David Silva was below par, to the extent there was the rare sight of City’s captain being substituted when his side required a goal. Sergio Aguero was isolated, restricted to 24 touches. Mahrez’s early-season excellence felt a mirage on the day.

Perhaps it did not help, either, that Bernardo Silva, who stepped so adeptly into De Bruyne’s shoes for much of last season, began on the bench. Despite his hat-trick against Watford, the Portuguese has not touched the heights he hit last season when Guardiola, who described him as “the best player in the best team,” felt he ought to have been named Footballer of the Year. Thus far, he trails far behind candidates such as De Bruyne, Sadio Mane and Roberto Firmino. Maybe his impending FA charge has affected his confidence, but Silva brought improvement in his cameo.

But the man who began on the right of the midfield trident was the conundrum that is Ilkay Gundogan, neither an attacking midfielder nor a defensive one. The German offered precision in possession, but not penetration. City missed De Bruyne’s infield crossing from the inside-right channel. Guardiola often mentions that City lack height, but such is the accuracy of the Belgian’s delivery that they do not need it when he picks out their diminutive attackers.

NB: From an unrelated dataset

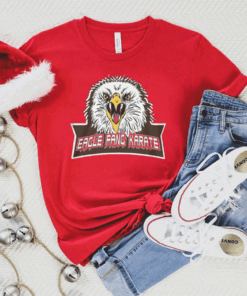 Eagle Fang Karate T-Shirt - COBRA KAI Season 3 T-Shirt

Their total of 35 crosses was scarcely the 81 David Moyes’ Manchester United infamously attempted against Fulham, but Wolves’ giants headed them away and crowded City out to cut out the cut-backs. The full-backs Guardiola fielded, with Oleksandr Zinchenko replacing Kyle Walker at the break, had a combined 268 touches, but Wolves’ 3-5-2 formation meant they were often the spare men.

One of them, Joao Cancelo marked his first Premier League start by coughing up possession for the first of Adama Traore’s double. “Loose balls,” lamented Guardiola but Cancelo’s misplaced pass proved the most influential one a De Bruyne-less City played all day.